At the heart of the problem is the variety of ways in which a file’s type can be determined. A jpg filename extension, for example, indicates an image in JPEG format. The web server may also define Content-Type (image/jpg in this case) in the HTTP header, but as a rule it determines the type of file being uploaded from its file name extension. Finally, most web browsers also check the first few bytes of a file (its “signature”) for known byte sequences, such as PNG, PK, JPEG JFIF, and so on.
Internet Explorer 4 introduced a fourth method, known as MIME sniffing, or mime type detection. So no version of IE now automatically assumes that a file taken from the web has the same content type as that stated by the server in the HTTP header. Nor does it trust the file name extension, or signature, on their own. Instead, Internet Explorer also examines the first 256 bytes of the file to determine its type. The snag is that it does this, only if the user calls up the URL directly, to download the file. No problems arise when locally stored files, or images that the browser links to via image tags (IMG) in HTML pages, are opened with Internet Explorer.
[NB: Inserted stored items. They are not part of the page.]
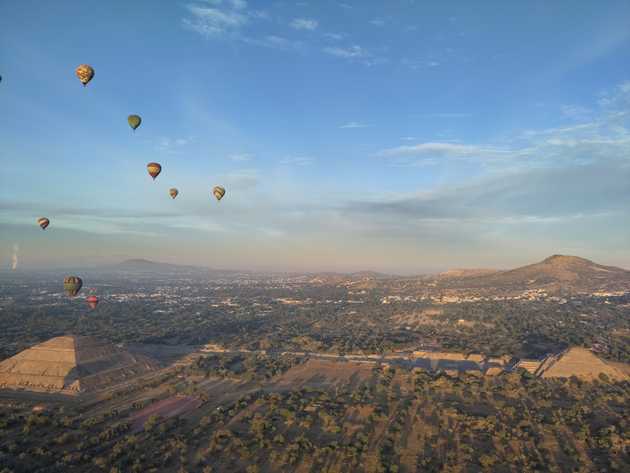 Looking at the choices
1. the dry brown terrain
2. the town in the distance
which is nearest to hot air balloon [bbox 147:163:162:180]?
the town in the distance

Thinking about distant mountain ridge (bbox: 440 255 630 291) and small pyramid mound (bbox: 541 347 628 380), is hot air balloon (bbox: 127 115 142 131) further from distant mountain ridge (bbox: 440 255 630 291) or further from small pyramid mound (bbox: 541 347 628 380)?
distant mountain ridge (bbox: 440 255 630 291)

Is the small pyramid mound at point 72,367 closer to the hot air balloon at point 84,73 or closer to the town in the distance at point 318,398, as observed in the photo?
the town in the distance at point 318,398

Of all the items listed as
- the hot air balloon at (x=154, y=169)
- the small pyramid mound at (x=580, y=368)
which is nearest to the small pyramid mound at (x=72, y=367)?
the hot air balloon at (x=154, y=169)

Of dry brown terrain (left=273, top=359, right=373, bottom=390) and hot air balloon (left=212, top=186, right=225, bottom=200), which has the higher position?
hot air balloon (left=212, top=186, right=225, bottom=200)

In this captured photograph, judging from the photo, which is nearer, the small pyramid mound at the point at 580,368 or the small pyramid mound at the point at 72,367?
the small pyramid mound at the point at 72,367

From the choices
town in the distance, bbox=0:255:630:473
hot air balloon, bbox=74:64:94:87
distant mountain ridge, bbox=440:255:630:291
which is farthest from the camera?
distant mountain ridge, bbox=440:255:630:291

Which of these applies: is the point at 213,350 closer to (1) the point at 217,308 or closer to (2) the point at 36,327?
(2) the point at 36,327
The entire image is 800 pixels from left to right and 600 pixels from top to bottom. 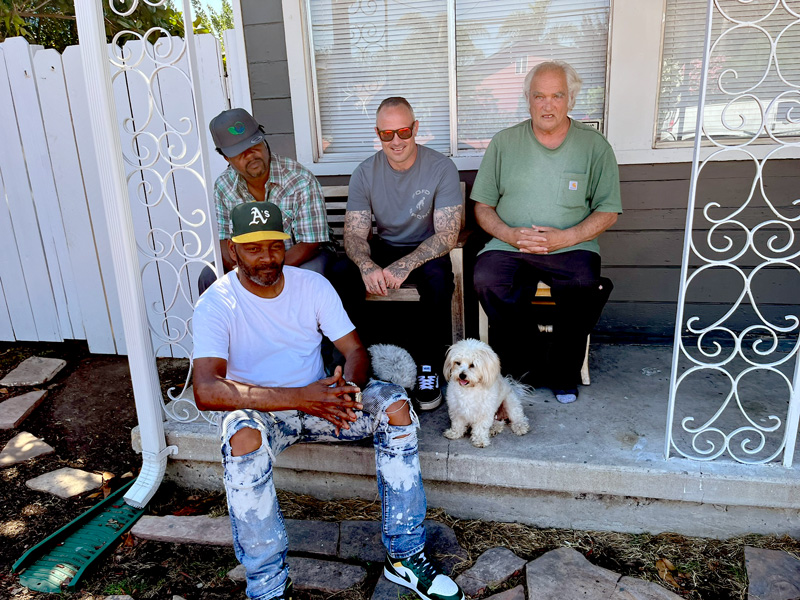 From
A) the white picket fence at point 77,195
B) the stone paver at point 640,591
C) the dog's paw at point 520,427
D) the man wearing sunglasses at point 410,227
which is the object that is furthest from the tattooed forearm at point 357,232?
the stone paver at point 640,591

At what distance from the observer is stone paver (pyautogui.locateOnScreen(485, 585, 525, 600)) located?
208cm

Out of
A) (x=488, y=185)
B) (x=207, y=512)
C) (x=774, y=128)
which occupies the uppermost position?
(x=774, y=128)

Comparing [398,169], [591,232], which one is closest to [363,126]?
[398,169]

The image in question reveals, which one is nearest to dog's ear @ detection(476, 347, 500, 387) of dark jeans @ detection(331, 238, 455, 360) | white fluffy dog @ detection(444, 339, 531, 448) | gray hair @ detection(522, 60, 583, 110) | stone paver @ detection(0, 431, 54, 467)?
white fluffy dog @ detection(444, 339, 531, 448)

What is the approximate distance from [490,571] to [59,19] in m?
6.48

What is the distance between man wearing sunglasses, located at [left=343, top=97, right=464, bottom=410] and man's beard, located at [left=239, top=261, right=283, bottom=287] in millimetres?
879

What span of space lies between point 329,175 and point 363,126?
1.29 ft

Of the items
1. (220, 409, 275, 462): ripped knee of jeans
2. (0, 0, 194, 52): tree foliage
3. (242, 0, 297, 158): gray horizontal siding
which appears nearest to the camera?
(220, 409, 275, 462): ripped knee of jeans

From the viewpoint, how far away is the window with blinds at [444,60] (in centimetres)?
338

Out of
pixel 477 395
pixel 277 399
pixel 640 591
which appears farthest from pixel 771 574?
pixel 277 399

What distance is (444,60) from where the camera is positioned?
357cm

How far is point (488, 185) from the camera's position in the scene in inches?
122

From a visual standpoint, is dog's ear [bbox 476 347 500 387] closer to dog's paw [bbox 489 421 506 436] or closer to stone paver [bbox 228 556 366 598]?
dog's paw [bbox 489 421 506 436]

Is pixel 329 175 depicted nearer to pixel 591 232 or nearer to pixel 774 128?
pixel 591 232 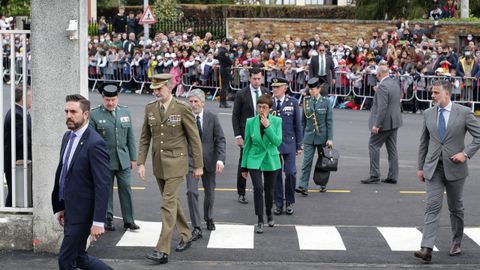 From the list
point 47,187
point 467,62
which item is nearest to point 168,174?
point 47,187

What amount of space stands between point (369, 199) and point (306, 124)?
153cm

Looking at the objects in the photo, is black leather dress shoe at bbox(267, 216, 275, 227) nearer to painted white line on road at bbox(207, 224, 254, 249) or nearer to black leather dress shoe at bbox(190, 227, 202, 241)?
painted white line on road at bbox(207, 224, 254, 249)

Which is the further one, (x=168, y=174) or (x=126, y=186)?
(x=126, y=186)

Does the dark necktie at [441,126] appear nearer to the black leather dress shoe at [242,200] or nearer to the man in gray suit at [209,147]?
the man in gray suit at [209,147]

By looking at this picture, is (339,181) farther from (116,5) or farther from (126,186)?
(116,5)

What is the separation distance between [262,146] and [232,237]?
4.07 ft

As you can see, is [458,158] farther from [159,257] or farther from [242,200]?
[242,200]

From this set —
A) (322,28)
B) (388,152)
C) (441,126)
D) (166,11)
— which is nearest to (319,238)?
(441,126)

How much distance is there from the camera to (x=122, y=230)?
44.3 ft

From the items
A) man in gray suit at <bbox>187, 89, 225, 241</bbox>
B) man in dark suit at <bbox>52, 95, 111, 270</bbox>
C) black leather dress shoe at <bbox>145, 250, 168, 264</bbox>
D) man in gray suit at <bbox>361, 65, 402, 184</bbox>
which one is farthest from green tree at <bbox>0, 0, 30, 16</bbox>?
man in dark suit at <bbox>52, 95, 111, 270</bbox>

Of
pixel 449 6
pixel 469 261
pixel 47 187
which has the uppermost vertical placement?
pixel 449 6

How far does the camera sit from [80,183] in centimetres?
956

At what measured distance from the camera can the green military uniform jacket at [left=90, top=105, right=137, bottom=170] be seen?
13367mm

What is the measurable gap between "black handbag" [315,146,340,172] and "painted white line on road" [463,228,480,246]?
2.91 meters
MIME sniffing was originally meant to guard against incorrect indications of content type by servers. These could be exploited by attackers to circumvent protective functions in Internet Explorer that were meant to prevent the browser automatically executing downloaded files, such as hta files. MIME sniffing also makes the browser tolerant of accidental errors in Content-Type statements. If, for example, the server announces text/plain, but then supplies an HTML file, Internet Explorer will handle it as HTML.
With the common GIF, JPEG and PNG formats, the browser ignores the result of MIME sniffing, as long as the filename extension, Content-Type and signature, all indicate the same type. Only if the results are inconsistent will Internet Explorer handle the file as the type identified by MIME sniffing.
security_logo_en.png, Content-Type: image/png, Signature: PNG
In the second example, we have changed the file extension to JPG. The server has noted this and changed the content-type to image/jpeg. But the signature check on the file says the file is PNG. Because the content-type (image/jpeg) clashes with the signature (PNG), the browser takes a closer look and renders the file as HTML.
security_logo_en.jpg, Content-Type: image/jpeg, Signature: PNG
In the third example, the file extension is BMP, the content type is image/bmp and the signature is BMP. Everything looks correct, but it is still interpreted at text/html. The reason for this is that the server states the content type as image/bmp when it really should be image/x-ms-bmp. This mis-statement of content type is not uncommon; we did not specifically configure our server to send the wrong content-type.
security_logo_en.bmp, Content-Type: image/bmp, Signature: BMP
Help at hand
Microsoft has identified the problem and plans to deal with it in the forthcoming version of Internet Explorer. IE 8 no longer sniffs images and therefore ignores embedded HTML. It also understands the proprietary Content-Type extension authoritative=true|false (e.g. content-type=text/html; authoritative=true;), which enables MIME sniffing to be switched off for individual downloads. Internet Explorer then handles the file as indicated by the server.
For critical cases, the new “X-Download-Options: noopen” header ensures that files are displayed strictly outside the site context. That means even HTML files can be delivered securely, because the browser will only offer to save the file. It will, unfortunately, take some time before Internet Explorer 8 has replaced its predecessor, to the extent that web site operators can rely on such measures.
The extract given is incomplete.